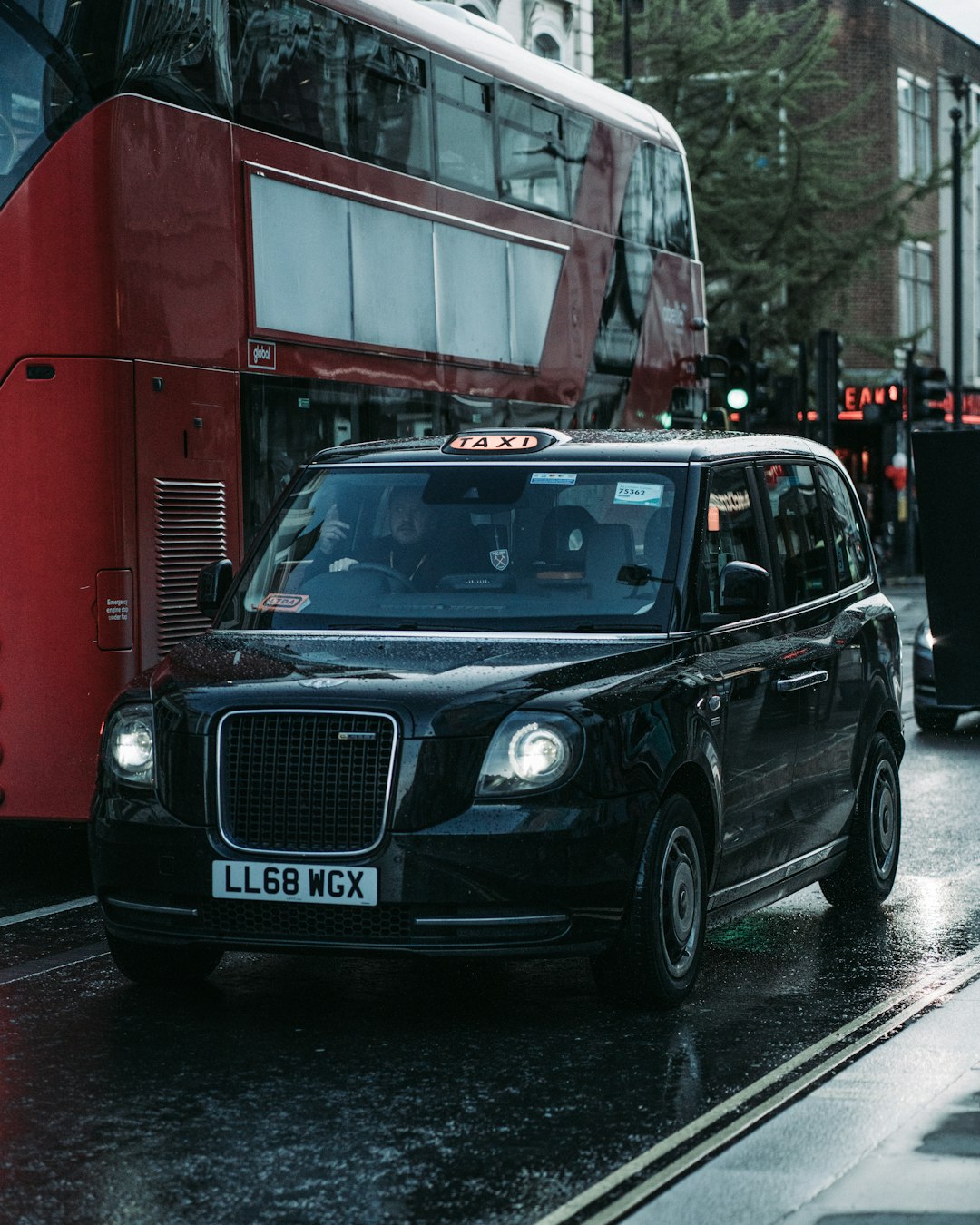 black mercedes benz g class parked on street during daytime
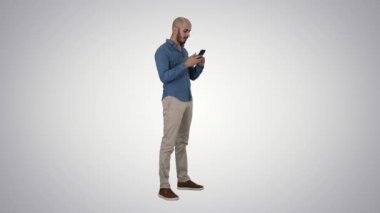 Rahat Arap işadamı telefonu kullanarak ve degrade arka planda gülümseyen.
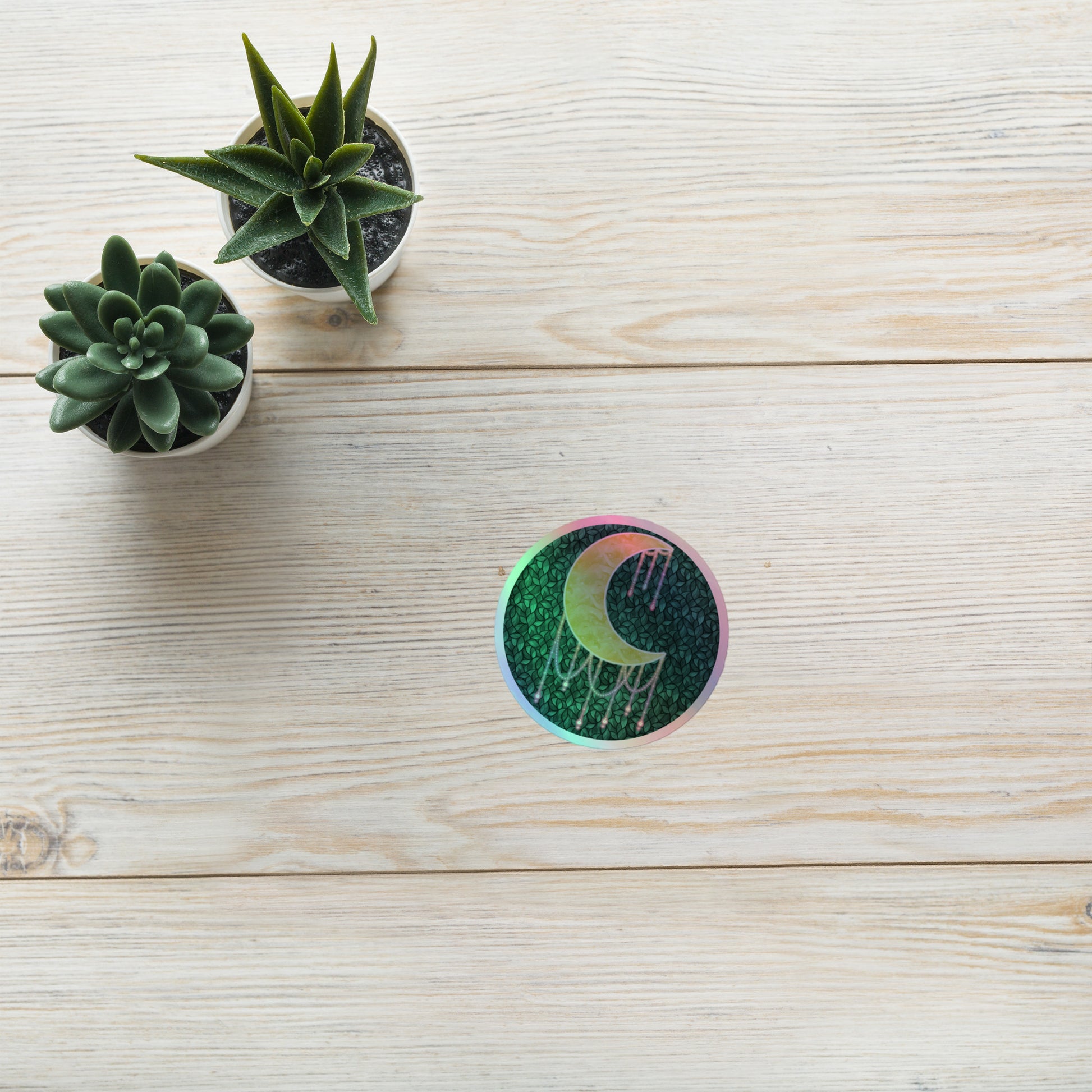 Druzy Moon holographic sticker 3x3 inch – hand-drawn crescent moon with jewel drips on a dark leafy background, rainbow holographic border, by Brittyliz Art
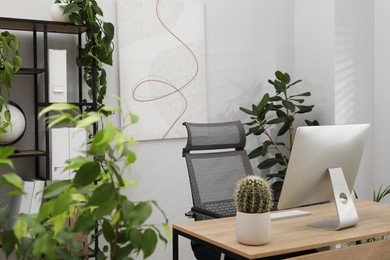 Photo of Biophilic interior design. Stylish workplace with computer and houseplants in office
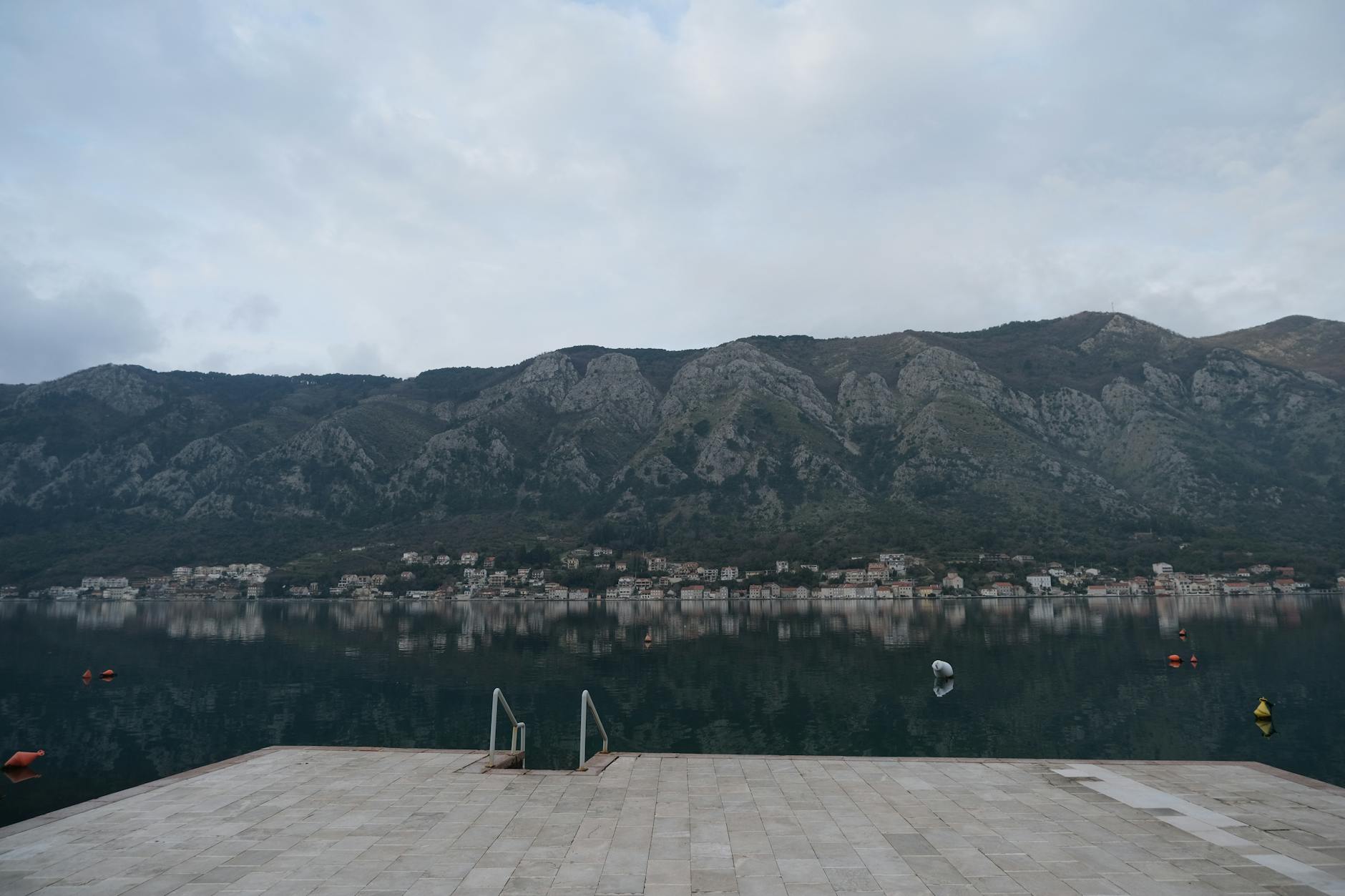 Kotor Bay Montenegro waterfront promenade calm water mountain reflection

━━━━━━━━━━━━━━━━━━━━

=== TASK ===
Return only the part above that opens with the line containing "Druzy Moon holographic" and closes with the line containing "Photo of Biophilic", exactly and with both ends, skipping the pictures.

=== REPLY ===
 Druzy Moon holographic sticker 3x3 inch – hand-drawn crescent moon with jewel drips on a dark leafy background, rainbow holographic border, by Brittyliz Art
 Photo of Biophilic interior design. Stylish workplace with computer and houseplants in office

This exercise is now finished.